OK, he kicked a 52-yard field goal in a game earlier in this season. What about that?
Well, given that we have no real evidence that he actually possesses this claimed ability, I think we're forced to conclude that that kick must have a more conventional explanation as well.
Would any kick in this situation have been allowed?
Of course. This is a fair game; we're interested only in the truth here. We have made some calculations and come to the conclusion that if the ball had cleared the crossbar by 30 feet, it would have been allowed.
30 feet?! That is ridiculous! Does that mean the Plantation High's field goal in the first half will also be disallowed? It was nowhere near 30 feet over the bar.
You're not really listening, are you? That was an ordinary field goal. Your team's kick was an extraordinary one. Naturally, different standards apply.
But why weren't we told about any of this ahead of time?
The exact timing of when you were or weren't told doesn't alter the extreme improbability of what your boy supposedly did. And, as a matter of fact, we do have plans to initiate discussions about getting new rules in the books regarding extraordinary kicks. This unfortunate episode has taught us the importance of factoring in the prior probability of a particular field goal, given the kinds of factors you and I have just discussed. To act like those prior probabilities are not there is clearly not sound refereeing.
Speaking of refereeing, can I ask where you went to high school?
Why, here at Plantation, of course.
Right. So how do I appeal your decision to the state football commission?

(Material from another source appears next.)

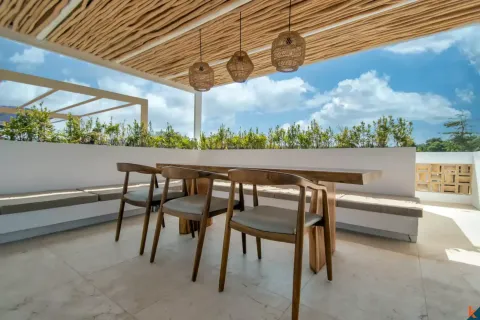 1 bedroom Villa in Ungasan, Badung, Indonesia No. 10697 2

Well, you could actually talk to them tonight. All five members of the commission are sitting over there in the Plantation bleachers. But I'll tell you, I've already talked to them and they agree with me.
The coach did go over and talk to the commission members, who backed up the referee and gently reminded him that coaches who make trouble sometimes have difficulty keeping their jobs. Having exhausted all his options, the coach walked off the field, defeated. At least, he said to himself, his team can win in the only court left, the court of public opinion. The next morning, the headlines read: PLANTATION HIGH STATE CHAMPS AGAIN! Last Minute Kick by Fieldhand Fails."